Look Who’s Talking: When Do Babies Talk and When Should You Worry


Who wouldn’t want to get an ‘I love you’ or a ‘Goodnight’ from these little active creatures? Who wouldn’t want to hear ‘Mommy’ or ‘Daddy’ in their cute little voices? All parents are excited to hear their babies talk and might be easily worried when their babies are not talking when they expect them to.

Speech and language are critical developmental milestones for babies. Hearing your baby coo is like listening to a wonderful music. Hearing them babble their first word is just so exhilarating. You would definitely ask for more. But how would you know if your baby’s speech and language development are normal and on track?

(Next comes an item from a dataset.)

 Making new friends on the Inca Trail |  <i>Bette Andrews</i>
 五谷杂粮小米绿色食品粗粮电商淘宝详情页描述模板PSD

Here is a stage-by-stage guide to track your baby’s speech and language development:

0 to 3 months:

  • Makes “cooing” sounds
  • Communicates different needs through different cries
  • Shows signs of recognition of mommy’s or parents’ voice
  • Responds through smiles when being spoken to

4 to 6 months:

  • Babbles when playing alone or when playing with caretaker
  • Starts to make different sounds other than babbling
  • Shows recognition of different voice tones and reacts consequently
  • Shows pleasure and displeasure through sounds
  • Notices music and toys that make sounds
  • Moves eyes toward the source of sound

7 to 12 months:

  • Imitates different speech sounds
  • Says few repetitive words like “mama” and “dada”
  • Demonstrates word recognition for common objects like “light”
  • Responds to simple instructions like “Give that to mommy” or “Come here”

13 to 18 months:

  • Says eight to ten words
  • Demonstrates recognition of names of objects, body parts, and people
  • Responds to simple directions

19 to 24 months:

  • Says at least 50 words
  • Says simple phrases
  • Asks simple questions of one to two words
  • Responds to simple questions

However, do note that every child is unique. Babies demonstrate speech and language development differently. Some babies may show better language skills than other babies of the same age. However, observe these hints for possible signs of speech and language developmental delay:

  • Child is not achieving any speech and language developmental milestone at four months
  • Child cannot say or pronounce recognizable words at 15 months
  • Child doesn’t use a combination of words at two years

If your baby is missing a few milestones, just relax. Your baby might immediately catch up in a few months. But if you suspect any speech and language developmental delay, better consult your pediatrician for proper assessment and intervention.